Sweep energy extrapolation can be plotted using the following python script:

import matplotlib.pyplot as plt
import numpy as np
import scipy.stats

fname = 'dmrg-2.out'
out = open(fname, 'r').readlines()
eners, dws = [], []
for l in out:
    if "DW" in l:
        eners.append(float(l.split()[7]))
        dws.append(float(l.split()[-1]))

eners, dws = eners[3::4], dws[3::4]
reg = scipy.stats.linregress(dws, eners)
x_reg = np.array([0, 1E-4])

emin, emax = min(eners), max(eners)
de = emax - emin
plt.plot(x_reg, reg.intercept + reg.slope * x_reg, '--', linewidth=1, color='#5FA8AB')
plt.plot(dws, eners, 'o', color='#38686A', markerfacecolor='white', markersize=5)
plt.text(2E-6, emax, "$E(M=\\infty) = %.6f \pm %.6f \\mathrm{\\ Hartree}$" %
    (reg.intercept, abs(reg.intercept - emin) / 5), color='#38686A', fontsize=12)
plt.text(2E-6, emax - de * 0.1, "$R^2 = %.6f$" % (reg.rvalue ** 2),
    color='#38686A', fontsize=12)
plt.xlim((0, 5E-5))
plt.ylim((emin - de * 0.1, emax + de * 0.1))
plt.xlabel("Largest Discarded Weight")
plt.ylabel("Sweep Energy (Hartree)")
plt.subplots_adjust(left=0.16, bottom=0.1, right=0.95, top=0.95)
plt.savefig("extra.png", dpi=600)

Alternatively, the keyword extrapolation can be added to the previous script, so that the extrapolation energy will be printed and the figure named extrapolation.png will be saved in the scartch folder.

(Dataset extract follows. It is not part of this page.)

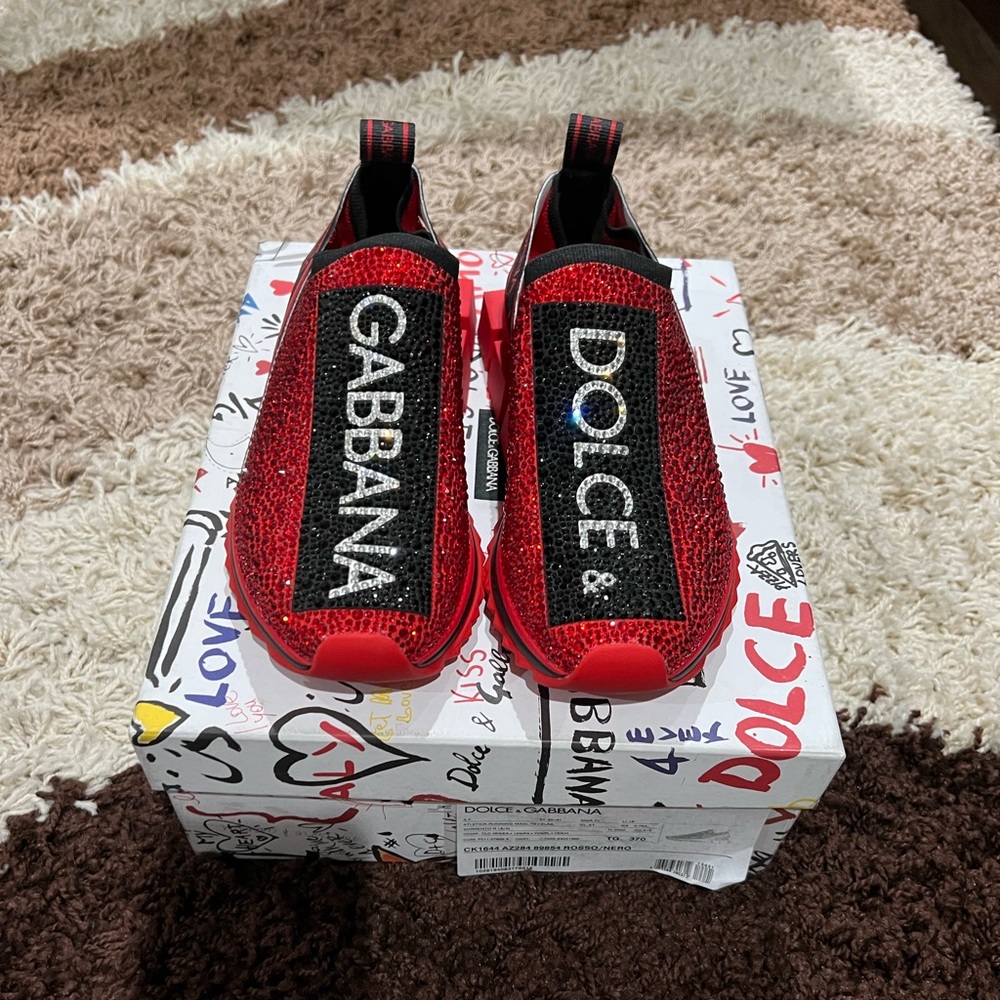 Dolce Gabbana logo tape Sorrento sneakers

The script will generate the following figure:

energy extrapolation

In the above script, we have used the largest discarded weights and associated sweep energies in the last sweep iteration of each bond dimension (\(M = 800, 600, 400, 200\)) to make linear regression. The extrapolated DMRG sweep energy is -75.728567 Hartree.